[Dataset records]
────────────────

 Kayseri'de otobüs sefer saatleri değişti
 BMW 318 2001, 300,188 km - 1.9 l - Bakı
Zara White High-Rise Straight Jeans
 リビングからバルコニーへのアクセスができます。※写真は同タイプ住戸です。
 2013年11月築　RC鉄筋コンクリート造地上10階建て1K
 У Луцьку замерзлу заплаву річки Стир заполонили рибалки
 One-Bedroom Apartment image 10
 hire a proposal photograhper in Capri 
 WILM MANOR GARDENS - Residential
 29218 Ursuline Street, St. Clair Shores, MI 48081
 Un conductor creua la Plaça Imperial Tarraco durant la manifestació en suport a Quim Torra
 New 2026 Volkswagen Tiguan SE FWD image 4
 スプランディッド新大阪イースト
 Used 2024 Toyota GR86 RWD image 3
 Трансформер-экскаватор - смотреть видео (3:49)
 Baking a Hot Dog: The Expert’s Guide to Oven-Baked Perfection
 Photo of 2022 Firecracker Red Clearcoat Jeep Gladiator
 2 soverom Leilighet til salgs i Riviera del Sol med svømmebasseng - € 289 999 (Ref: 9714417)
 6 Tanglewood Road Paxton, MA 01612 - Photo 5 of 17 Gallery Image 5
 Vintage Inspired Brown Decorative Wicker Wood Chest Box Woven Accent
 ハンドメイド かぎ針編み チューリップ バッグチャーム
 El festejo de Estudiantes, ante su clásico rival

────────────────

• ASSIGNMENT:
The lines above should be duplicated exactly.

• OUTPUT OF THE EXERCISE:
 Kayseri'de otobüs sefer saatleri değişti
 BMW 318 2001, 300,188 km - 1.9 l - Bakı
Zara White High-Rise Straight Jeans
 リビングからバルコニーへのアクセスができます。※写真は同タイプ住戸です。
 2013年11月築　RC鉄筋コンクリート造地上10階建て1K
 У Луцьку замерзлу заплаву річки Стир заполонили рибалки
 One-Bedroom Apartment image 10
 hire a proposal photograhper in Capri 
 WILM MANOR GARDENS - Residential
 29218 Ursuline Street, St. Clair Shores, MI 48081
 Un conductor creua la Plaça Imperial Tarraco durant la manifestació en suport a Quim Torra
 New 2026 Volkswagen Tiguan SE FWD image 4
 スプランディッド新大阪イースト
 Used 2024 Toyota GR86 RWD image 3
 Трансформер-экскаватор - смотреть видео (3:49)
 Baking a Hot Dog: The Expert’s Guide to Oven-Baked Perfection
 Photo of 2022 Firecracker Red Clearcoat Jeep Gladiator
 2 soverom Leilighet til salgs i Riviera del Sol med svømmebasseng - € 289 999 (Ref: 9714417)
 6 Tanglewood Road Paxton, MA 01612 - Photo 5 of 17 Gallery Image 5
 Vintage Inspired Brown Decorative Wicker Wood Chest Box Woven Accent
 ハンドメイド かぎ針編み チューリップ バッグチャーム
 El festejo de Estudiantes, ante su clásico rival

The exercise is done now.